ECF No. 36 ¶ 57 (emphasis added). The Proxy clearly states that Li-Cycle recognizes revenue based on the estimated “amount of consideration” it expects to receive. Accordingly, Plaintiff's allegation that the Proxy suffers from this material omission-that Li-Cycle recognizes revenue based on the estimated value of its products-is belied by the existence of the allegedly omitted information in the Proxy itself.
Li-Cycle estimates all amounts of consideration to which it expects to be entitled and updates those estimates at the end [of] each reporting period based on market prices. The final settlement amount for the sale of products is typically determined several months after delivery and customer processing of the products, and may result in an adjustment to the previously recognized revenue based on commodity prices on the final settlement date.
ECF No. 39-2 at 12 (Proxy). Plaintiff cannot plausibly allege that that the Proxy omits information concerning the fact that Li-Cycle recognizes revenue based on estimates when it is plainly written in the Proxy. Cf. Seibert v. Sperry Rand Corp., 586 F.2d 949, 952 (2d Cir. 1978) (finding that there “is no duty to disclose information to one who reasonably should already be aware of it.”); St. Clair-Hibbard v. Am. Fin. Tr., Inc., 812 Fed.Appx. 36, 38-39 (2d Cir. 2020) (“[Defendant] had no duty to disclose information that its shareholders (and the general market) already knew.”).

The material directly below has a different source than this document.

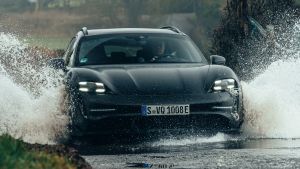 Porsche Taycan Cross Turismo prototype - front off-road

Accordingly, Plaintiff has not adequately alleged a material misrepresentation or omission with respect to Li-Cycle's practice of estimating revenue because it was adequately disclosed in the Proxy.

iii. Plaintiff's Allegation that the Proxy Contained False or Misleading Statements Regarding Li-Cycle's Alleged Practice of Pulling Forward Revenue

Plaintiff alleges that the Proxy contained false or misleading statements with respect to when Li-Cycle recognized revenue. Specifically, Plaintiff cites to statements in Li-Cycle's audited financial statements, which are incorporated into the Proxy, that describe the company's recognition of revenue “at the time goods are delivered to the customer[.]” ECF No. 36 ¶ 67 (“[R]evenue is recognized when control of the goods has transferred, being when the goods have been shipped to the customer's location (delivery).”); ECF No. 39-2 at 12 (Proxy) (same).

As alleged in the Amended Complaint, the Blue Orca Report describes Li-Cycle's revenue recognition practices as follows,

Li-Cycle . . . recognizes revenue immediately upon delivery to its brokers [like Traxys], potentially months before any sale has occurred Li-Cycle in effect uses mark-to-model accounting, pulling sales forward from future periods and recognizing revenues based on its own self-serving estimates. But that is not all, as this mark-to-model accounting framework allows the Company to juice its revenues with non-cash gains on previously recognized revenues. We calculate that 45% of Li-Cycle's reported revenues in the last quarter were derived from simply marking up receivables on products that had not been sold.
ECF No. 36 ¶ 77; ECF No. 39-3 at 4 (Blue Orca Report). As discussed previously, the Proxy provides that “revenue is recognized when control of the goods has transferred, meaning when the goods have been shipped to the customer's location (delivery).” ECF No. 39-2 at 12, 14 (“The Company recognizes revenue when it transfers control of a product or service to a customer.”).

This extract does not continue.